Houston also said Deloitte now expects to surpass its profit plan for the current financial year. He linked this in part to “improved pricing” and higher staff utilisation, meaning more billable hours were recorded.

He also referred to the use of “delivery centres”, a term the firm uses for satellite offices, often based in lower-cost offshore locations.

The pay and bonus increases come after a weaker year for Deloitte in the UK. The firm reported a 1% fall in revenue in 2025, its first decline since 2010, driven mainly by softer performance in consulting as clients delayed spending on large projects.

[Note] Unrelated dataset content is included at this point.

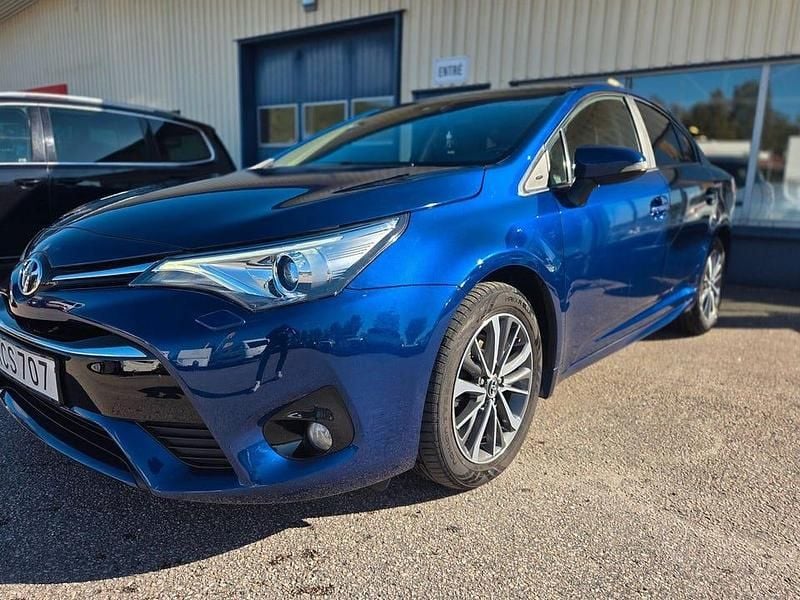 Begagnad Toyota Avensis Active 143 HK (105 kW) 2015 Mörkblå Sedan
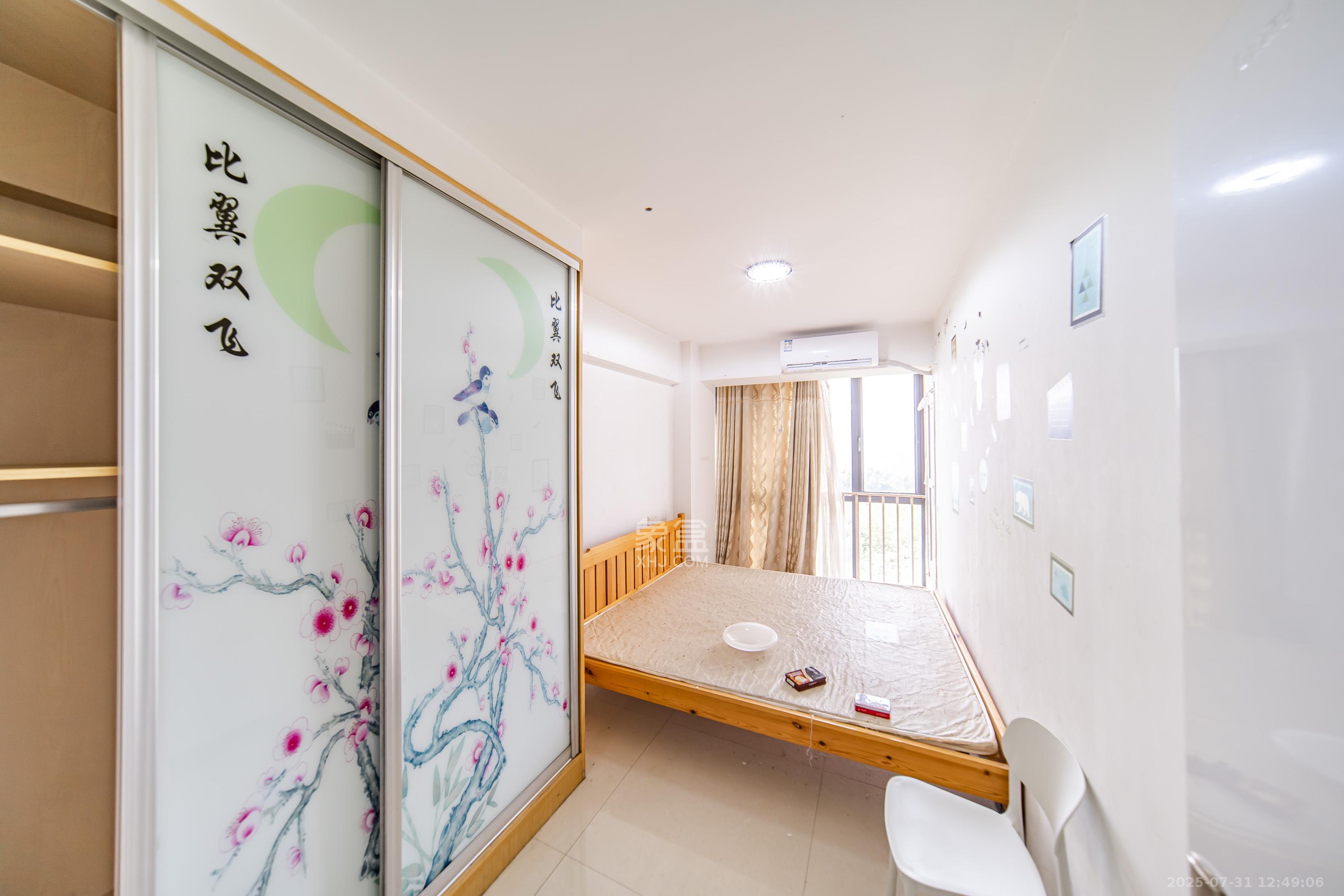 阳光100二期  1室1厅1卫    38.9万卧室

“While market uncertainty looks set to continue, we are a resilient and agile firm,” Houston wrote, referring in his email to higher energy prices, inflation and “expectations of rising interest rates”.

Despite the revenue decline in the year to May 2025, average pay for Deloitte’s partners rose 4% to £1.05m ($1.41m) after the firm reduced costs.

Deloitte had already tightened spending and travel rules in 2024 as the consulting market came under pressure following the easing of the pandemic-era surge in demand.

In his staff email last year, Houston said Deloitte would make fewer promotions, lower the average salary increase and reduce bonuses in its consulting division by 20% after profits in that business fell short “materially”.